The talk will present and review archaeological finds and surveys of Little Thetford covering the Stone, Bronze and Iron ages, Roman and Saxon times. The written history of the village, which began in 1007, will also be presented.


There is evidence of human occupation on the 'Little Thetford' island since the late Neolithic Age. A Bronze Age causeway linked the village with nearby Barway; many items from the period have been found in the vicinity of the causeway, some of which indicate pre-Christian worship. A site investigation preceding a village development in 1995 uncovered a Romano-British farm and large tile-kiln; further investigations revealed Pre-Roman settlement. The 10th-century Old English name, lytel Thiutforda, suggests a ford across the nearby River Great Ouse.

An early Anglo-Saxon cemetery, AD 410-1065, uncovered near Little Thetford in ca 1945, was thought to be the lost village of Cratendune. A middle Saxon pendant, AD 601-700, was discovered in a field in Little Thetford in 1952.

The first written evidence that Ely Abbey had inherited the Little Thetford lands was in the 12th century chronicle Liber Eliensis. The will of Ælfwaru (d. 1007), an Anglo-Saxon noblewoman, granted estates in Cambridgeshire and Norfolk, to the Abbey, which included "... that land at Thetford and fisheries around those marshes".
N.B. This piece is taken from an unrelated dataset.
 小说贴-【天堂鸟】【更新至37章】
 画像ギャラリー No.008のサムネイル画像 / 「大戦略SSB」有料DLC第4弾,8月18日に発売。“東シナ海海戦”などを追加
Bob Young and Peter Hoare (Honorary Associate, The University of Sydney) studied geology together as undergraduates in the 1960s. Bob gained his PhD from the Royal School of Mines, University of London in 1972. He then worked in the mineral exploration industry in Europe, the Far East and the Americas until 2009 when he retired. He is now concentrating on the history of Little Thetford (see link to website www.littlethetford.org in links section.)

Peter gained his PhD from TrinityCollege, University of Dublin in 1972. After a brief spell with the British Geological Survey, he spent 27 years lecturing at Anglia Ruskin University before accepting early retirement in 1999 with both hands; he has never looked back! As well as continuing to study the Quaternary geology of East Anglia, he is an Associate Member of the Ancient Human Occupation of Britain group, and has worked on the archaeological excavations at Happisburgh for the past five years. Any spare time is spent researching the geology of ancient walls, the life of a late seventeenth-century Governor of Barbados and attempting to explain the orientation of mediaeval churches.